Epyc 3251 and Wireguard
-
Hmm, is it actually panicking and rebooting when that happens?
You have any of the Chelsio hardware off-loading enabled?
-
@stephenw10 Doesn't reboot, just keeps scrolling lines of errors (I assume). Let it go for 10 minutes once, then I rebooted it.
Anywhere I can find those lines or are they not saved?Both LAN and WAN are on the chelsio card.
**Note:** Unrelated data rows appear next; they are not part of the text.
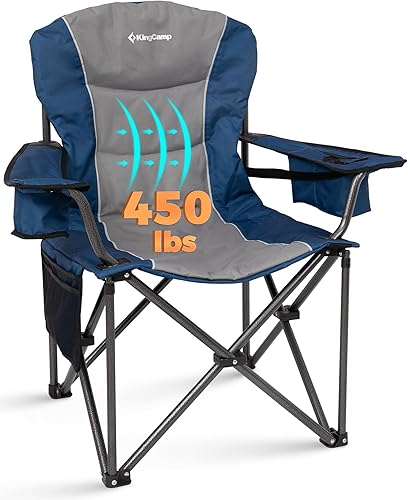Miniatura 77 de KingCamp silla plegable de gran tamaño para campamento con soporte lumbar, silla ergonómica acolchada con reposabrazos, alta resistencia, con bolsa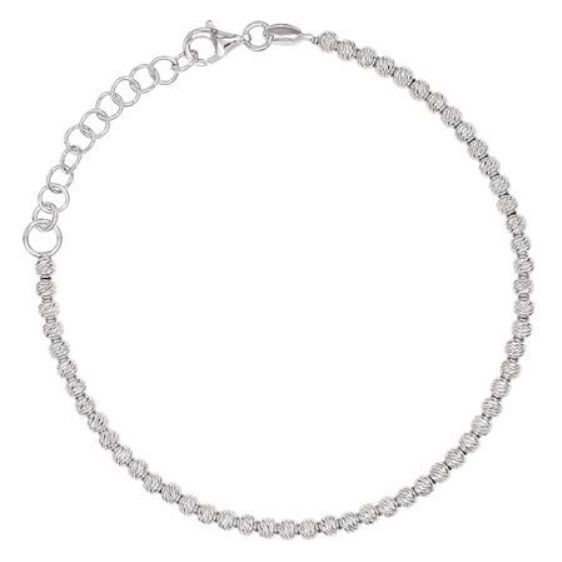 925 Sterling Silver Bracelet Rhodium Plated Diamond Cut Balls 925 Sterling Silver Bracelet Rhodium Plated Diamond Cut Balls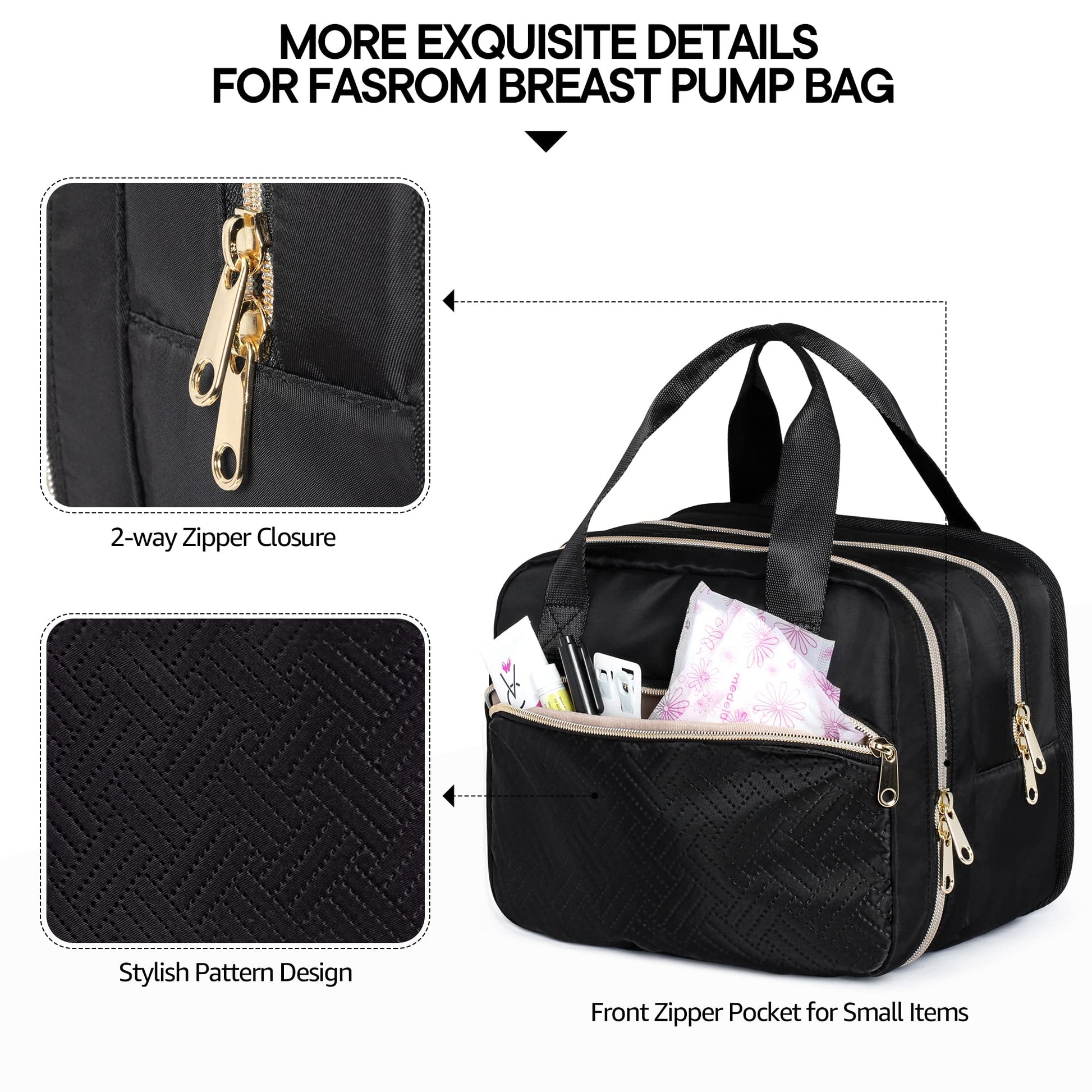 Fasrom pump organizer tote demonstrating internal mesh pockets filled with charging cords and valves.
ifconfig cxl3 cxl3: flags=8843<UP,BROADCAST,RUNNING,SIMPLEX,MULTICAST> metric 0 mtu 1500 description: WAN options=3e800bb<RXCSUM,TXCSUM,VLAN_MTU,VLAN_HWTAGGING,JUMBO_MTU,VLAN_HWCSUM,LINKSTATE,RXCSUM_IPV6,TXCSUM_IPV6,TXRTLMT,HWRXTSTMP> ether 00:07:43:2c:e5:38 inet6 fe80::207:43ff:fe2c:e538%cxl3 prefixlen 64 scopeid 0x8 inet 32.219.x.x netmask 0xfffff800 broadcast 32.219.239.255 media: Ethernet 10Gbase-LR <full-duplex,rxpause,txpause> status: active nd6 options=21<PERFORMNUD,AUTO_LINKLOCAL> ifconfig cxl2 cxl2: flags=8843<UP,BROADCAST,RUNNING,SIMPLEX,MULTICAST> metric 0 mtu 1500 description: LAN options=3e800bb<RXCSUM,TXCSUM,VLAN_MTU,VLAN_HWTAGGING,JUMBO_MTU,VLAN_HWCSUM,LINKSTATE,RXCSUM_IPV6,TXCSUM_IPV6,TXRTLMT,HWRXTSTMP> ether 00:07:43:2c:e5:30 inet6 fe80::207:43ff:fe2c:e530%cxl2 prefixlen 64 scopeid 0x7 inet 10.12.8.1 netmask 0xffffffc0 broadcast 10.12.8.63 inet 10.255.255.1 netmask 0xffffffff broadcast 10.255.255.1 media: Ethernet 10Gbase-LRM <full-duplex,rxpause,txpause> status: active nd6 options=21<PERFORMNUD,AUTO_LINKLOCAL>
Also, It's been running fine for a few hours with Wireguard disabled. I enabled WG, and once I tried to connect to the pfSense WebGUI on the other side it went down again.
-
I would expect to see something in the system log when that happens.
That combination of things is not something I've seen before though. I'll run it past the devs tomorrow and see if any of them have.
Steve
-
@stephenw10 Will have an update in a few minutes.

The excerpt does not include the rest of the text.